The eight hundred pound gorilla in this essay is global warming. Will the people of the future all lie in the beds at night wishing they could talk to us? Benford’s story written in the 1970s and published in 1980 isn’t about global warming but another ecological catastrophe caused by the people of the 1950s and 1960s but which kills the people of 1998. Yes, his future is now our past but that doesn’t make the book dated. Timescape is #41 on The Classics of Science Fiction list – but it deserves to be higher. The idea of sending messages to the past is just as original as any of H. G. Wells’ great primal science fictional ideas.

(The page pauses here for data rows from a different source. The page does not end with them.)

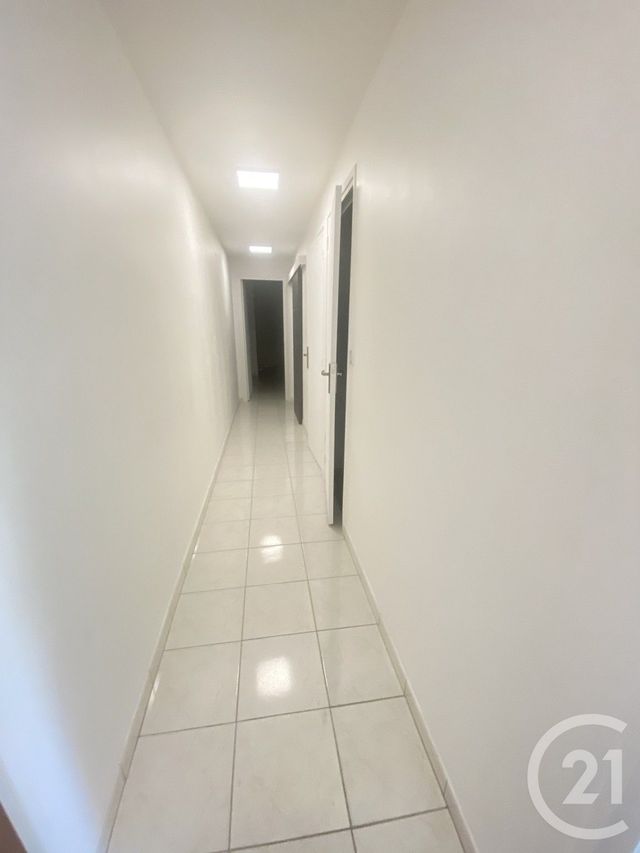 Appartement F4 &agrave; louer - 4 pi&egrave;ces - 68,23 m2 - Brunoy - 91 - ILE-DE-FRANCE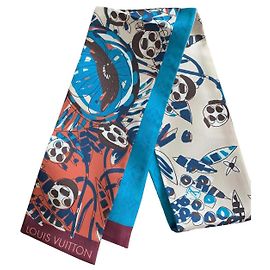 Louis Vuitton Silk scarves Multiple colors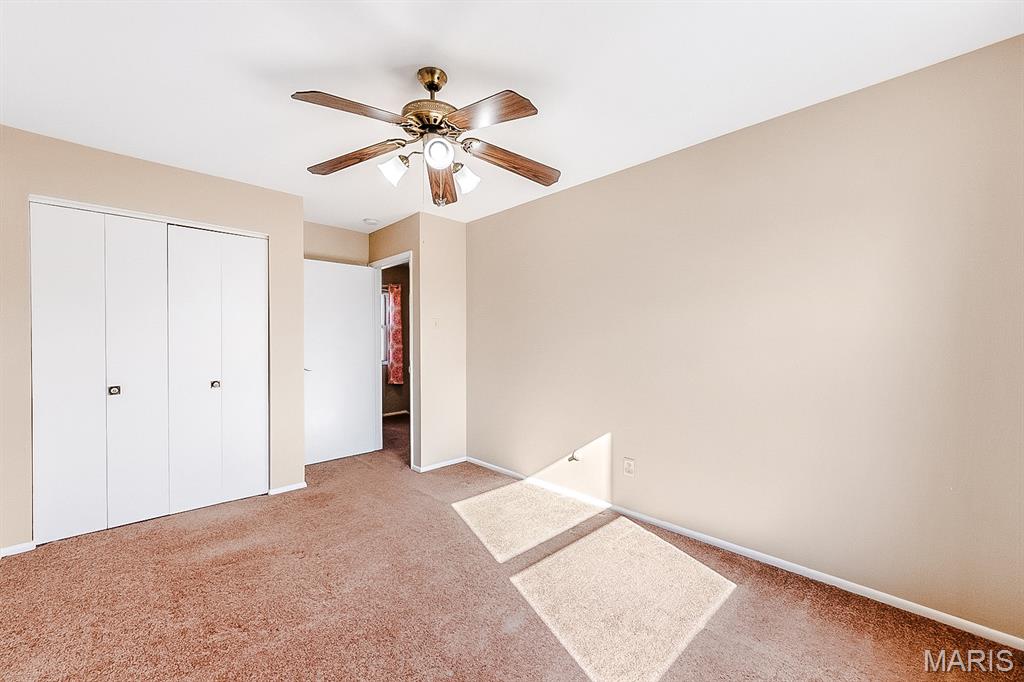 Rossridge Twnhs Condo - Residential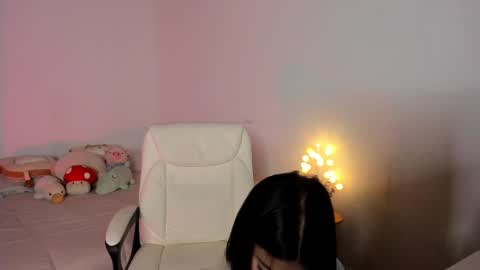              online show from 03.02.25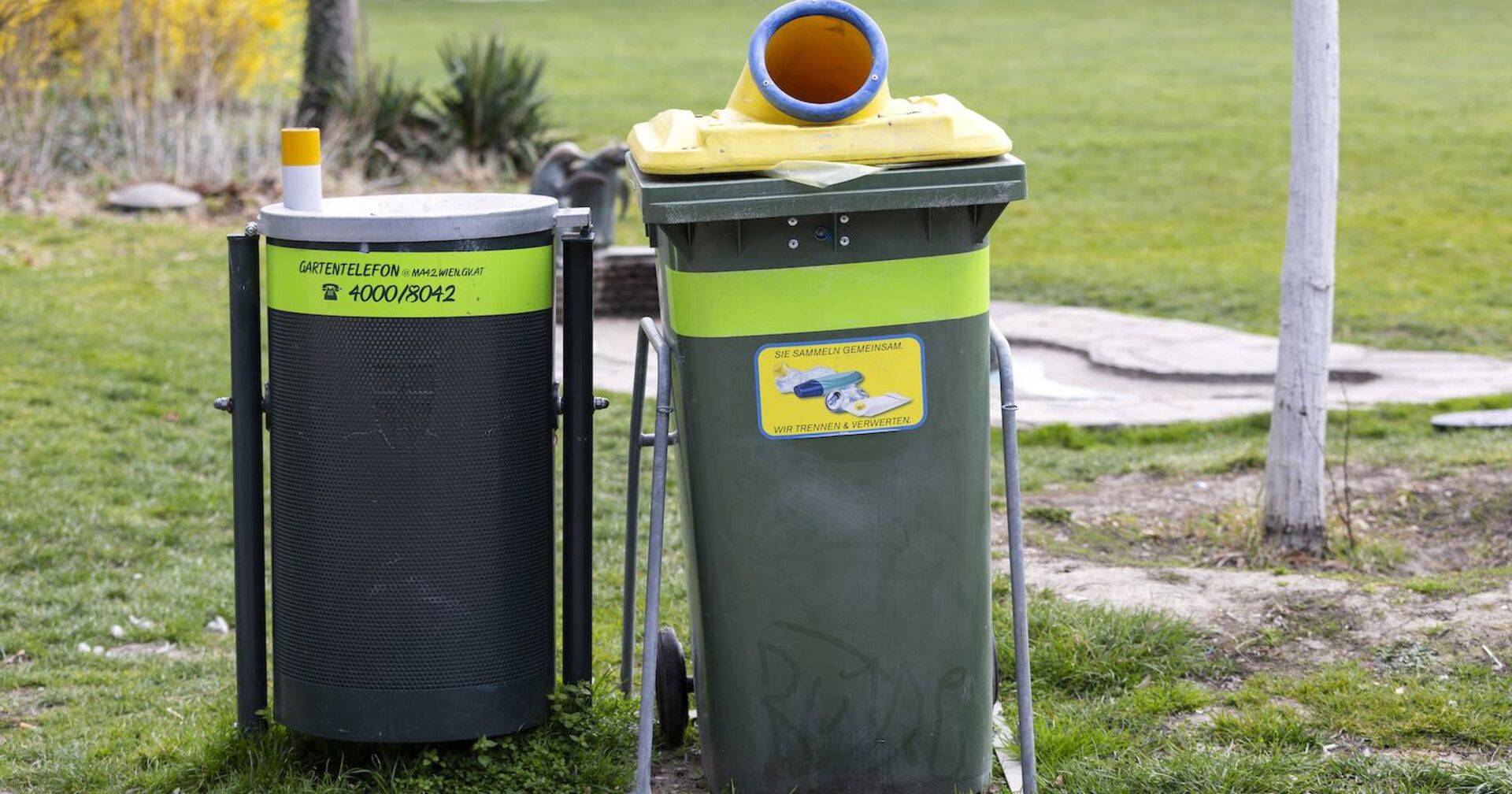 Mülltonnen in einem Park in Wien.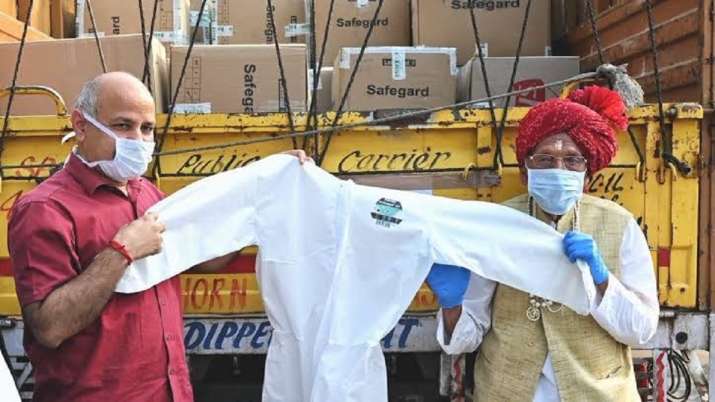 कुछ समय पहले ही धर्मपाल गुलाटी ने दिल्ली सरकार को दी थीं PPE किट्स, याद कर भावुक हुए सिसोदिया और केजरीवाल
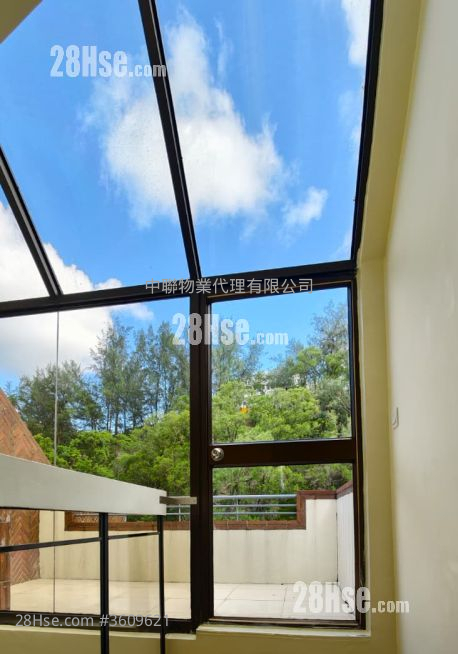 丽峰花园 租盘 3 房 , 2 浴室 1,760 平方尺 ( 163.5 平方米 ) 丽峰花园 租盘 3 房 , 2 浴室 1,760 平方尺 ( 163.5 平方米 )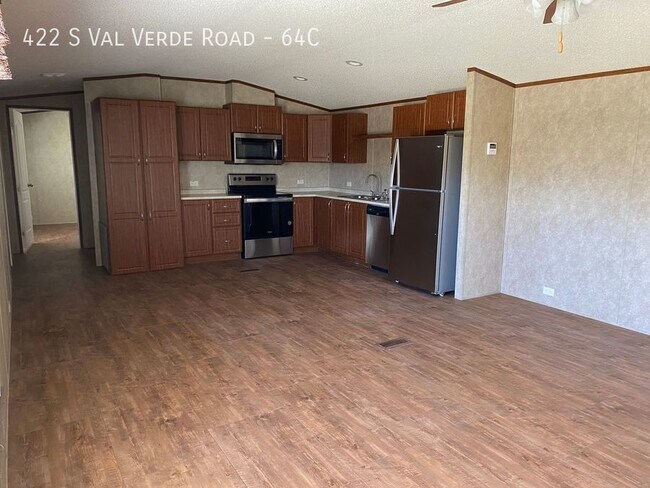 Building Photo - Brand new homes, lease to own all credit t...
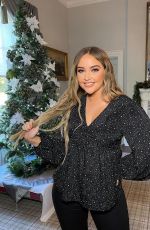 JACQUELINE JOSSA for Winter Wonderland Xmas Collection with In The Style 2020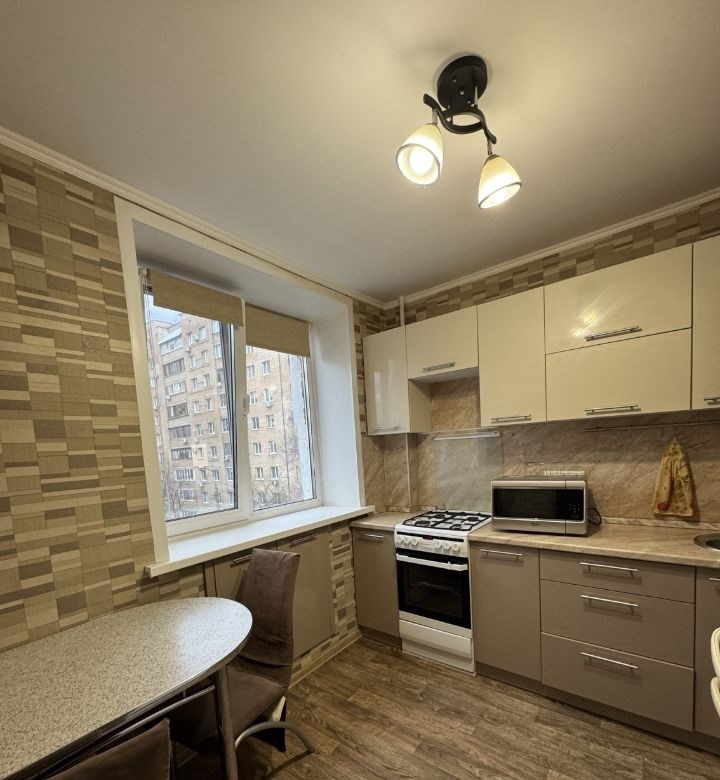 Сдам 1 ком кв30 м2
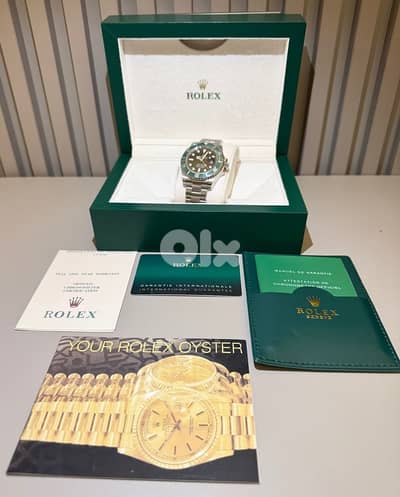 Rolex Submariner starbucks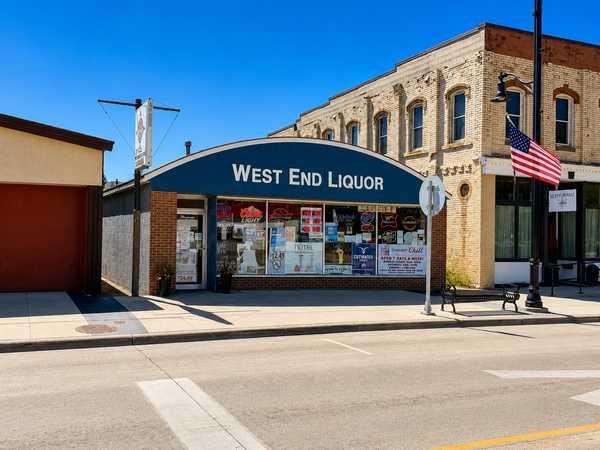 404 Main ST W, New Prague, MN 56071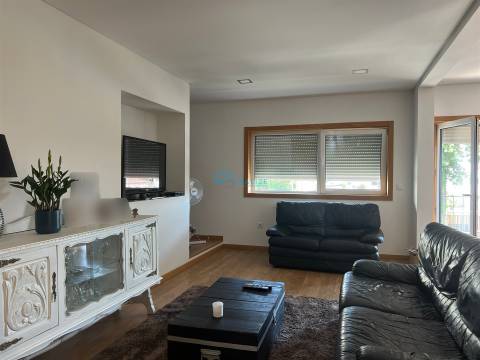 Andar Moradia T3 Venda em Vila Real (Nossa Senhora da Conceição, São Pedro e São Dinis),Vila Real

If you read the reader reviews on Amazon you will find most readers giving Timescape five stars but many giving it one star. It’s a polarizing science fiction novel because it’s not a gee-whiz action story, but a quiet story about science and scientists. Critics loved it but many fans didn’t. I assume most adolescent readers would prefer a story about time travelers going back to hunt dinosaurs rather than read about a clever plot based on a theoretical sub-atomic particle called the tachyon. I can also infer that most page turning readers don’t want to be burden by bad tidings from the future.
In Timescape a few 1998 people desperately try to get a message to a few scientists in 1963 hoping to save their world. If the people of 1963 had listened to Thoreau message from 1854 the people in 1998 might not have ever needed to send a message backwards in time. Walden is a timeless essay about paying attention to details and questioning the status quo. Thoreau might be considered America’s original hippie, but he was a brilliant thinker, as was his friend Nathan Hawthorne who peered with nineteenth century eyes into the seventeenth century with A Scarlett Letter. There are still puritanical threads woven into our twenty-first century philosophy. The lessons of history have always been one way – think how dynamically philosophic history would be if we could tune in the future with tachyon radios.
I’m not shunning the Puritans when I mention them, they may have valid messages to send us too, points that we’re missing, and yes we’re still receiving their messages, for example, the current fad of Purity Balls. The key is to study Thoreau and learn to discern the ecology of our thoughts like he studied the ecology of Walden Pond. Are the Puritans four centuries away, or merely a few thousand miles? Scattered across this earth are people living in situations that mirror all the times of history. Every society might represent a different expression of innate programming to comprehend right and wrong – it may even be hardwired in our genes as Moral Minds suggests. Classic books may be classic because they show characters at the cutting edge of ethical dramas.
Global warming will be the ethical issue of our times. To overcome this obstacle we will all have to live life with the spiritual observational skills of Henry David Thoreau. Science fictional books like Timescape illustrates that every casual decision we make today affects the people of tomorrow. The emotional dynamics of how we judge our fellow passengers on spaceship Earth is portrayed in The Scarlet Letter. For years I have contemplated why some books become classics and others don’t. I’m never sure how to define a classic, but I know if you are reading books that don’t make you think, that you can’t interconnect with the communications across time, then more than likely you are only reading for escapism and that book isn’t a classic.